L'énergie peut être stockée sous forme d'énergie cinétique dans un « volant d’inertie », dispositif en forme de roue tournant autour de son axe central. Une machine électrique lui fournit l’énergie cinétique (fonctionnement moteur) et la récupère selon les besoins (fonctionnement générateur), entraînant une baisse de la vitesse de rotation du volant d'inertie. Ce système permet de restituer plus de 80% de l’énergie accumulée mais pour un temps de stockage limité. En pratique, le volant d’inertie est utilisé pour un lissage à très court terme de la fourniture d’énergie au sein d’appareils de production. C’est notamment le cas des moteurs thermiques et surtout des moteurs Diesel.

Sous forme d’énergie électrochimique

Le stockage de l’énergie dans les batteries électrochimiques est la technique la plus répandue pour les petites quantités d’énergie électrique. En fonction du type de batterie (plomb-acide, lithium-ion, nickel-métal hydrure, etc.), différentes réactions chimiques sont provoquées à partir de l’électricité : il s’agit de la phase de charge de la batterie. Selon la demande, les réactions chimiques inversées produisent ensuite de l’électricité et déchargent le système.

Les batteries électrochimiques sont souvent destinées à des applications portables. De puissance relativement faible, elles présentent néanmoins une grande capacité de stockage pour des durées de décharge élevées (jusqu'à plusieurs heures) avec un taux de rendement de 70 à 80%. Ces dispositifs peuvent également avoir des fonctions de secours lorsque le réseau électrique est défaillant ou dans le cas d’une production d’électricité issue des énergies renouvelables, avec des valeurs d’énergie stockée de quelques Wh jusqu’à 40 MWh. L’inconvénient majeur est lié à leur durée de vie, limitée par les dégradations chimiques des réactions(3) et leur coût.

Sous forme d’énergie électrique

Certains systèmes permettent de stocker directement l’énergie sous forme électrique. Il s’agit principalement des supercondensateurs, composants électriques constitués de deux armatures conductrices stockant des charges électriques opposées. Ils sont capables de délivrer une forte puissance pendant un temps très court. À la différence des batteries électrochimiques, ils peuvent se décharger en un temps de l’ordre de la seconde ou moins avec un rendement compris entre 80% et plus de 90%. Toutefois, ces dispositifs ne stockent pas de grandes quantités d’énergie. Les supercondensateurs ont des applications dans le domaine des transports terrestres. Ils assurent notamment l’arrêt et le redémarrage à un feu rouge (stop and go)(4).

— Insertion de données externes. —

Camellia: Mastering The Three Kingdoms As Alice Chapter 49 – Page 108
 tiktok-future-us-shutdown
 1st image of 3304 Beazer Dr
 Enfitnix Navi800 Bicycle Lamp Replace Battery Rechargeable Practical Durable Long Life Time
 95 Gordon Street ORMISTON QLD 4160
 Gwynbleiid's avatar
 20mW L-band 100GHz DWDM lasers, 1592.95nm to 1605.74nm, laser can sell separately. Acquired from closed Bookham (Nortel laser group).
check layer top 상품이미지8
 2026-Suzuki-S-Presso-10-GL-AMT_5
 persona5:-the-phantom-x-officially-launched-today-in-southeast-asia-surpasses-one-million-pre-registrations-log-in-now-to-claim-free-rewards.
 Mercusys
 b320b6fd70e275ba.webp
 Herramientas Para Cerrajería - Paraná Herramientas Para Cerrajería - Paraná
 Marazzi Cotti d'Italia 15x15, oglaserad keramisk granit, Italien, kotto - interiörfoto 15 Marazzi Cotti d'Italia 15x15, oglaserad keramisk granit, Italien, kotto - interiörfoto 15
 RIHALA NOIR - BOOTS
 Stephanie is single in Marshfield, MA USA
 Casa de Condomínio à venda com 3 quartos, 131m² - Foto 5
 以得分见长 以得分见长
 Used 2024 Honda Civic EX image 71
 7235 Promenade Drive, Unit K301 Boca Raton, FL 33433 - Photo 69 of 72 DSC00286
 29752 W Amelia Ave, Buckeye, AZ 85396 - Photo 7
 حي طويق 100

Une autre piste est celle du stockage électromagnétique (ou SMES pour « Superconductor Magnetic Energy Storage ») à base de matériaux supraconducteurs. Ce système se destine au stockage de grandes quantités d’énergie, dont 50% peuvent être restituées en moins d’une seconde. De plus, un tel dispositif bénéficie d’un rendement de 75% à plus de 90 %. Toutefois, les applications de SMES, aux coûts encore très élevés, sont encore limitées et doivent démontrer leur faisabilité à grande échelle, du fait de la nécessité de maintenir une température très basse. Elles sont développées essentiellement aux États-Unis.

Perspectives

Les systèmes de stockage par pompage hydraulique représentent en 2011 une capacité de près de 100 GW dans le monde(5). Environ 80 GW s’y ajouteront d’ici 2014. Aujourd’hui, ces systèmes constituent la grande majorité des capacités totales de stockage d’électricité mais les moyens de stockage se diversifient, notamment avec la construction de batteries électrochimiques de grande capacité (40 GW de puissance installée sont prévus d’ici à 2030, principalement au Japon et aux États-Unis).

Les batteries électrochimiques semblent alors l’option la plus prometteuse pour un stockage fixe ou mobile. Selon le cabinet IDC Energy Insights(6), la production mondiale des batteries lithium-ion pourrait augmenter de 6 689 MWh en 2011 à 26 145 MWh en 2015.